Contents

1 The DPC plot doesn’t look like a good fit. Can I still go ahead with the analysis?

It is actually very hard to estimate the DPC from observed data, because the curve is a function of unobserved intensities rather than a function of the observed intensities. Datasets with outlier samples or a high proportion of DE peptides make it especially hard to estimate the curve.

We suggest dpcCN() instead of dpc() with noisy data, because it is more robust to outlier samples. It will give quite a different looking plot than dpc() because it plots the curve vs estimated intensities instead of observed intensities. The DPC slope should generally be in the range of 0.1–1.0. We think it depends on the technology and quantification software settings but doesn’t vary much from dataset to dataset for the same technology. A range of 0.7-0.9 is generally appropriate for DIA-NN data with match-between-runs. If dpcCN() doesn’t give a value in that range, it would be reasonable to run dpcQuant() with a preset value dpc.slope=0.7.

The visual fit does not need to be good for the analysis to remain valid. The limpa analysis is not fragile and will continue to give reasonable results even if the DPC slope is somewhat misspecified. If dpcQuant() is run with a DPC slope that is lower than the true value, then the analysis will become more conservative but it won’t fall over, and it will remain more powerful than simply ignoring the missing values.

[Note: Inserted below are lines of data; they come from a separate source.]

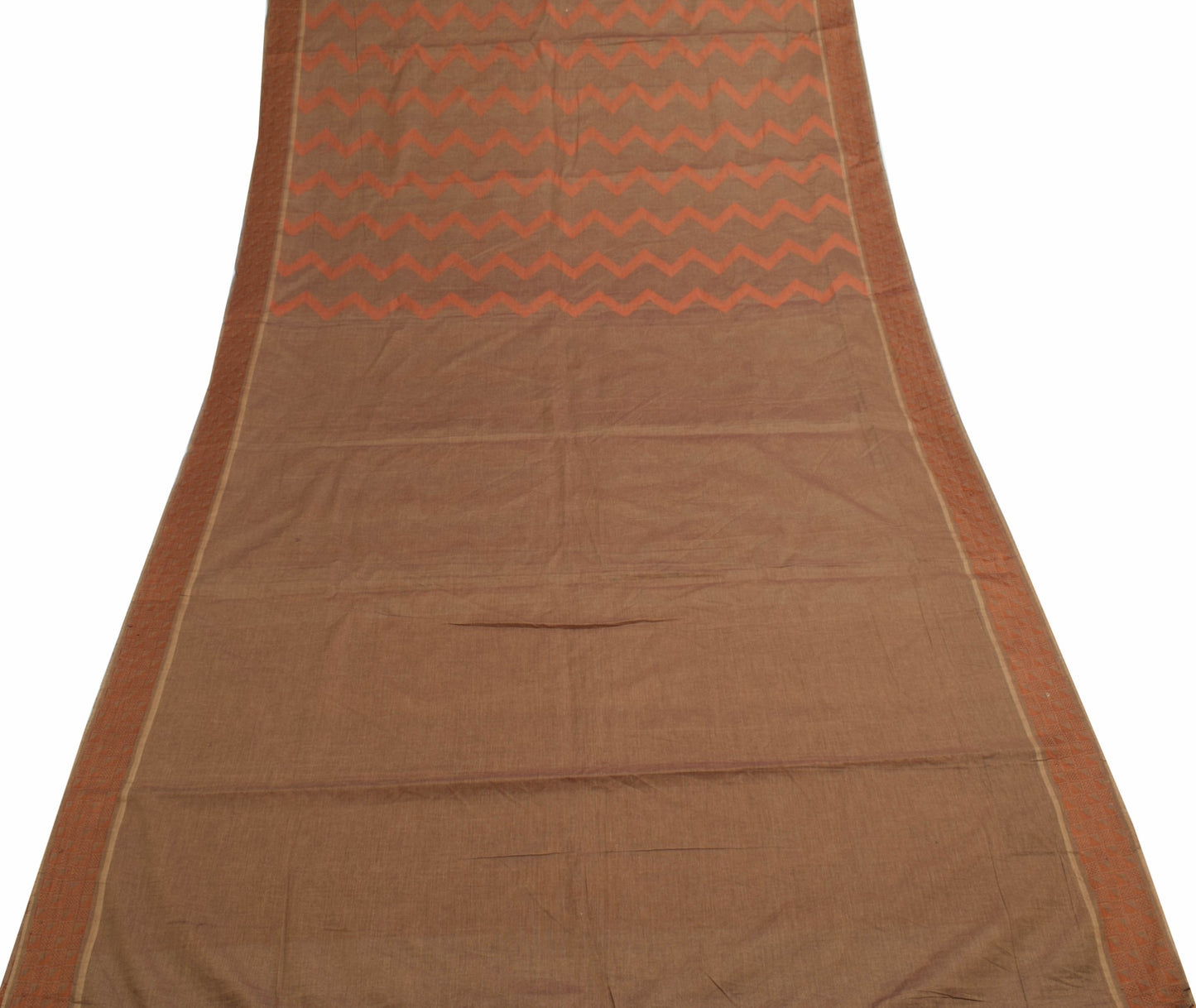 Sushila Vintage Brown 100% Pure Cotton Saree Zig-Zag Woven Sari Craft 5YD Fabric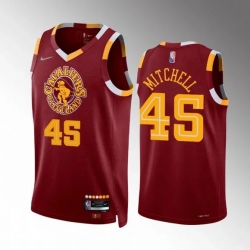 Men Cleveland Cavaliers 45 Donovan Mitchell Wine Red 2021 2022 75th Anniversary City Edition Swingman Stitched Jersey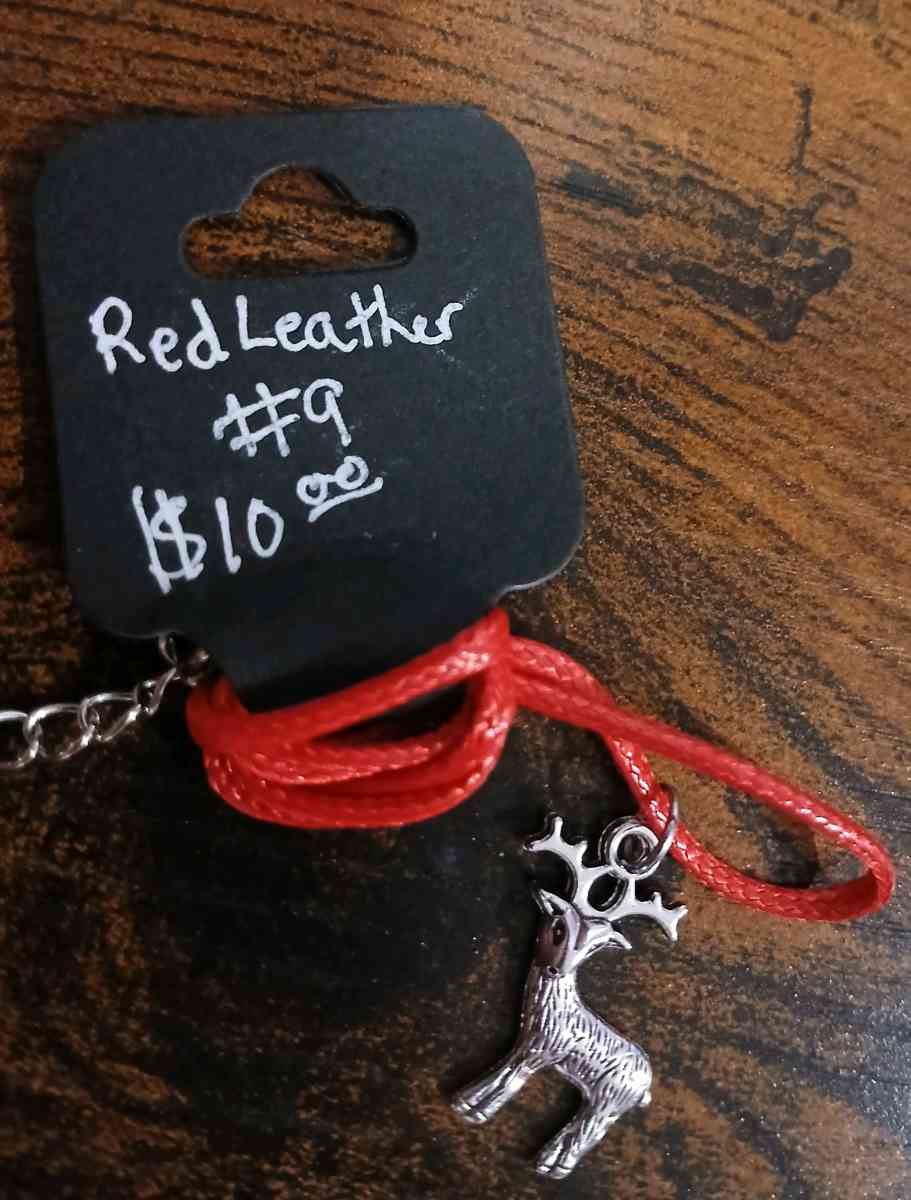 Red Leather Christmas Necklace pt2 - Newport News, Virginia - FleaMarketBay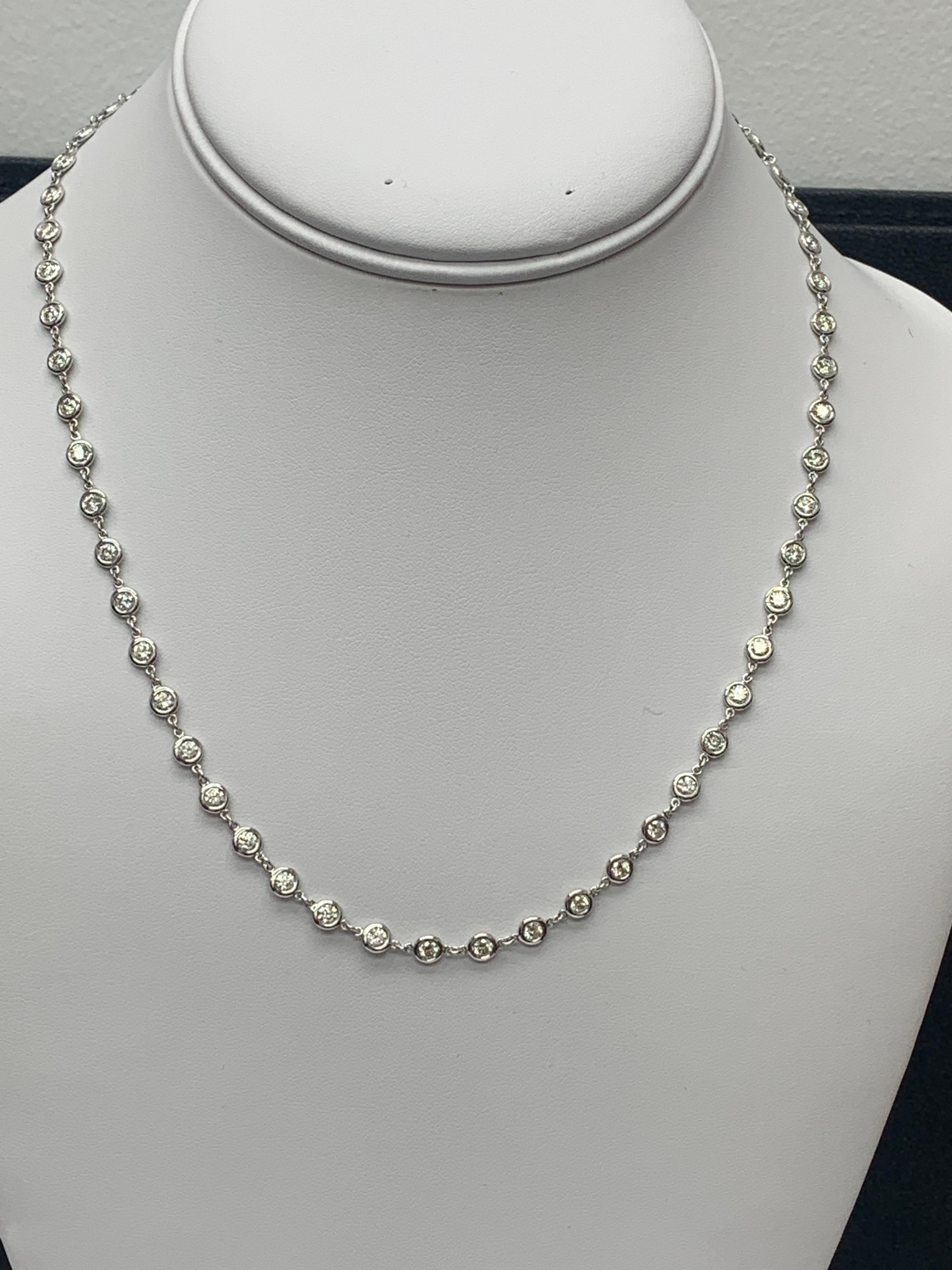 A chic Diamond by the Yard necklace showcasing 55 round brilliant diamonds, spaced evenly in a 14k white gold chain. Diamonds weigh 5.03 carats in total.

Style is available in different price ranges. Prices are based on your selection of diamond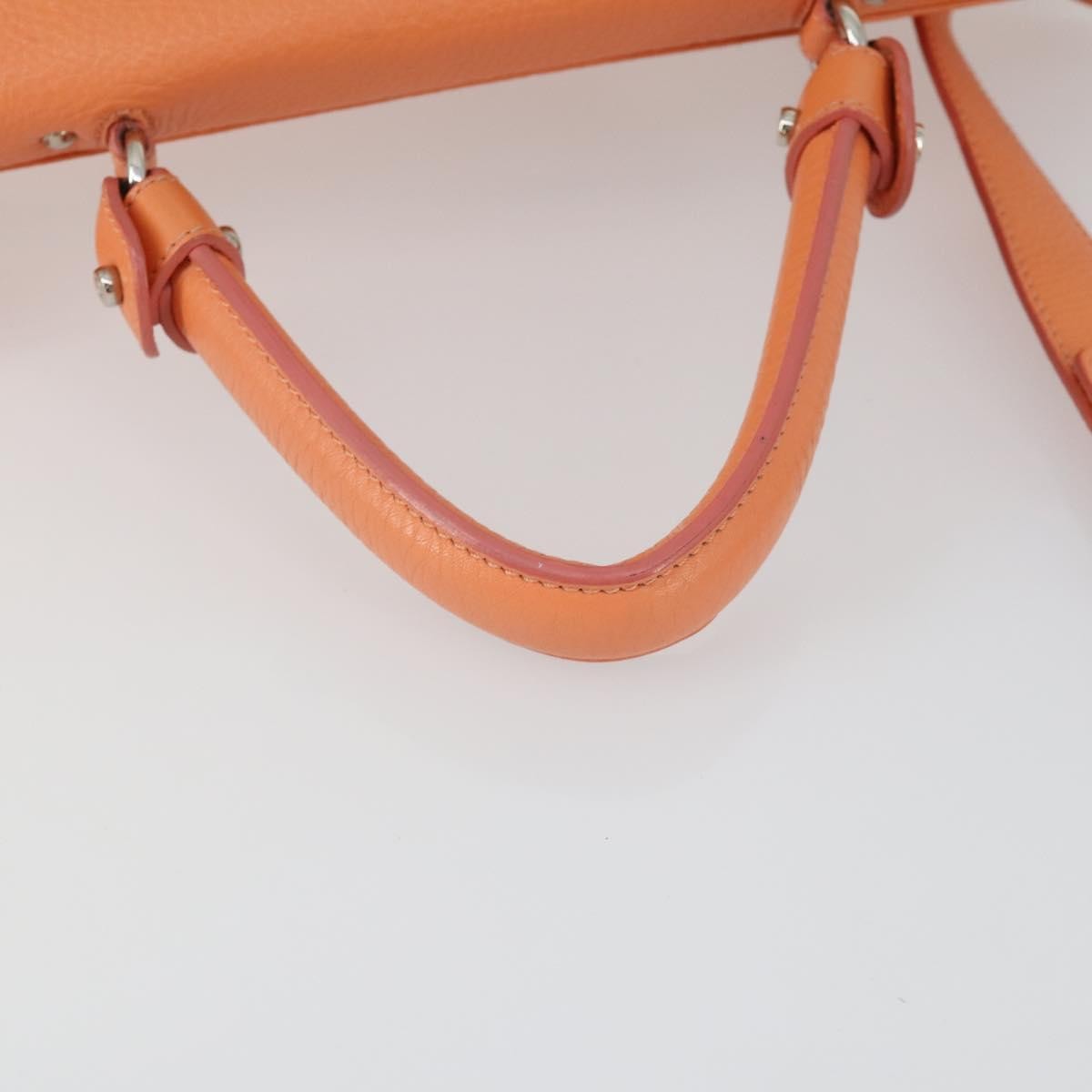 Salvatore Ferragamo Sofia Satchel Grainy Leather Orange Leather Handbag (Pre-Owned)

2 Can limpa be used for phosphoproteomics or to analyse other post-translational modifications (PTMs)?

Yes, limpa can operate on a matrix of log-intensities where each row corresponds to a protein modification and each column is a sample. For PTM analysis, each row is a unique feature to be retained for downstream analysis, so one runs dpcQuantByRow() instead of dpcQuant(). Otherwise, the limpa pipeline remains much the same.

Note that limpa is not designed to analyse input-normalized PTM site quantities or PTM stoichiometry proportions from Spectronaut v20. Quantities input to limpa should be feature intensities rather than ratios of intensities.

3 Can limpa be used to analyse differential isoform usage?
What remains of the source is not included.